Zéphirin Diabré : Le Burkina a manqué d'imagination. Il n'a pas assez bien vendu
son insurrection. C'était pourtant une étape historique que tout le monde nous
a enviée. Il n'a pas pu engranger de bénéfices de cela, contrairement à un pays
comme la Tunisie. Pour le reste, on n'a pas imaginé une autre manière de
voir l'économie. Mais cela n'est pas étonnant puisque le schéma classique
renvoie à ceux qui nous ont formés.
Sputnik : La
France, les États-Unis…?
Zéphirin Diabré : Oui, je vois que là on va un peu vers la Chine.
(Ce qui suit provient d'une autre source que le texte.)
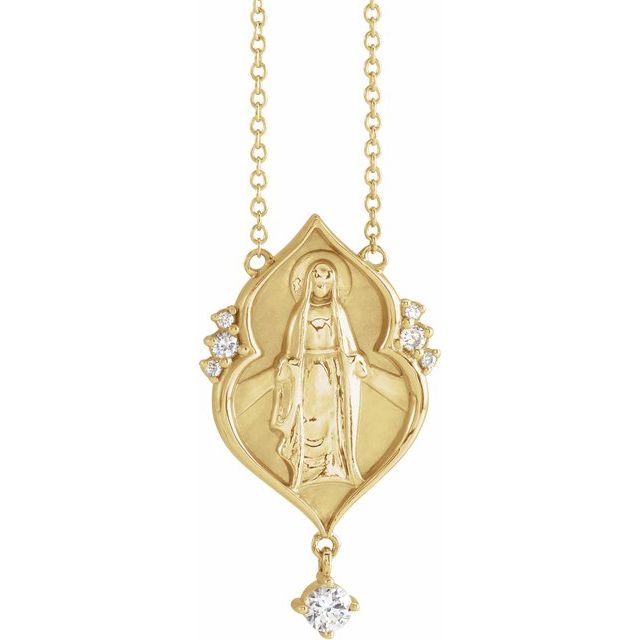 14K .08 CTW Natural Diamond Miraculous Mary 18" Necklace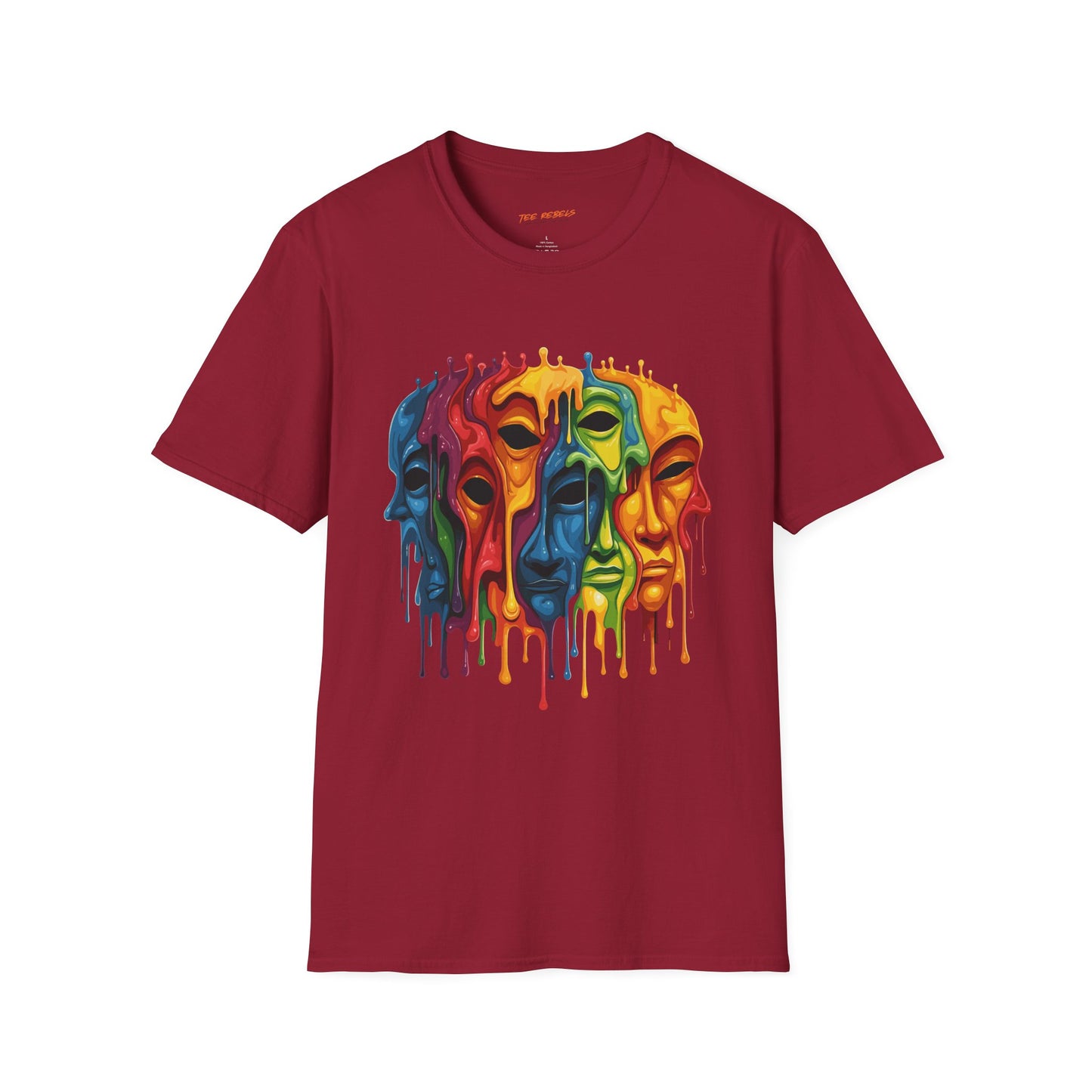 Colorful Artistic Face T-Shirt, Unisex Art Tee, Drippin Faces Art, Molten Faces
C'est une
sorte de retour aux sources (Les relations entre le Burkina Faso et la Chine
ont repris, en mai 2018, à la faveur de la rupture des relations entre
Ouagadougou et Taipei, ndlr)
Sputnik : Mais
il n'est pas difficile, pour vous, de vous libérer du paradigme traditionnel ?
Il ne peut y avoir des pressions, par exemple, pour ne pas sortir du vieux
carré traditionnel ?
Zéphirin Diabré : On ne demande l'avis de personne. D'ailleurs, la part de la
France est moins significative qu'on ne le pense. Prenons le secteur bancaire.
La première banque est burkinabè, la deuxième et la troisième sont africaines.
La première banque française n'arrive qu'après. Pareil pour l'industrie ou les
entreprises ici.
Sputnik : Où
le poids de la France se manifeste-t-il au Burkina Faso ?
Zéphirin Diabré : En économie, ce poids est moins important que ce qu'on a
tendance à penser. Sur le plan militaire, il y a une aide, une coopération. Sur
le plan politique, sans aucun doute, peut-être, que de temps en temps, le
gouvernement de la France ne doit pas être neutre quand les élections se
passent ici. Par exemple, je sais que beaucoup de chefs d'État de la
sous-région, qui ont été élus dans l'ère Hollande, ont bénéficié d'un appui
décisif parce qu'ils étaient socio-démocrates et membres de l'internationale
socialiste.
Sputnik : Dans
le processus d'élection ?
Zéphirin Diabré : Bien-sûr.
Sputnik : Vous pensez que c'est le
cas du Président Kaboré aussi ?
Zéphirin Diabré : Je n'ai pas de preuves, mais je sais que ça s'est passé quand
Hollande était au pouvoir. Et tel que je connais les gens de gauche, les
socio-démocrates membres de l'Internationale socialiste ont tendance à
favoriser les membres de l'Internationale, comme au Mali ou au Burkina.
Sputnik : Vous
n'avez pas encore annoncé votre candidature pour la prochaine élection ?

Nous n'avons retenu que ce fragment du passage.